## Problem
Scan the data below for the string "standing". Show every line where it turns up.
(Beginning of Supplied records)
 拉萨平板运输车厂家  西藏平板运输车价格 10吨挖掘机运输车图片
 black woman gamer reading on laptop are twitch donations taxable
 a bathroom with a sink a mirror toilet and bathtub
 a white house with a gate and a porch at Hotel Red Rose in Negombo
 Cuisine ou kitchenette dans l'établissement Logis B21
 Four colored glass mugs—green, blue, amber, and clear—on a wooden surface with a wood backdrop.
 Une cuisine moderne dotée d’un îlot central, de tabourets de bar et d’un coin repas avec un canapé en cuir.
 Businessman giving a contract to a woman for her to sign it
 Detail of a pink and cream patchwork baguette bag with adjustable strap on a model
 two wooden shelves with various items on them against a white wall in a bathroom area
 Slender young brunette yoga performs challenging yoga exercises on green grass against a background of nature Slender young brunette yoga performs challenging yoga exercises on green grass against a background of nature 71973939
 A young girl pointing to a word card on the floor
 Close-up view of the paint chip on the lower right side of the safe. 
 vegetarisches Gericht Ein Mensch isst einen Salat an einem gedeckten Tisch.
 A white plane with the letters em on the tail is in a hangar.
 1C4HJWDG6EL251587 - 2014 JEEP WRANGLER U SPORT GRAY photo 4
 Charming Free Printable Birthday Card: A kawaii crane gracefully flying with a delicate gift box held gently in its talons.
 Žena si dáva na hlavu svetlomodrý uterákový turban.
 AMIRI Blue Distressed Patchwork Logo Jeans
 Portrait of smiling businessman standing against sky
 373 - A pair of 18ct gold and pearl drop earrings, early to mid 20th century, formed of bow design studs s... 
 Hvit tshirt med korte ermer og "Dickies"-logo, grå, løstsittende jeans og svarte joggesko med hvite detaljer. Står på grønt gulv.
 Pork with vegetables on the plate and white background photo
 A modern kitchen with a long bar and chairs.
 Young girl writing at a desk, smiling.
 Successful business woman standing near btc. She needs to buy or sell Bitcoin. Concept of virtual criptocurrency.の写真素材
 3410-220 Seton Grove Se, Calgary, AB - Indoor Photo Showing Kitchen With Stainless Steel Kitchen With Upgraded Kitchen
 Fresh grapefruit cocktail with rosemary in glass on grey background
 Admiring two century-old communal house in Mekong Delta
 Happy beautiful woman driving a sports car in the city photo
(End of Supplied records)
## Response for this exercise
 Portrait of smiling businessman standing against sky
 Successful business woman standing near btc. She needs to buy or sell Bitcoin. Concept of virtual criptocurrency.の写真素材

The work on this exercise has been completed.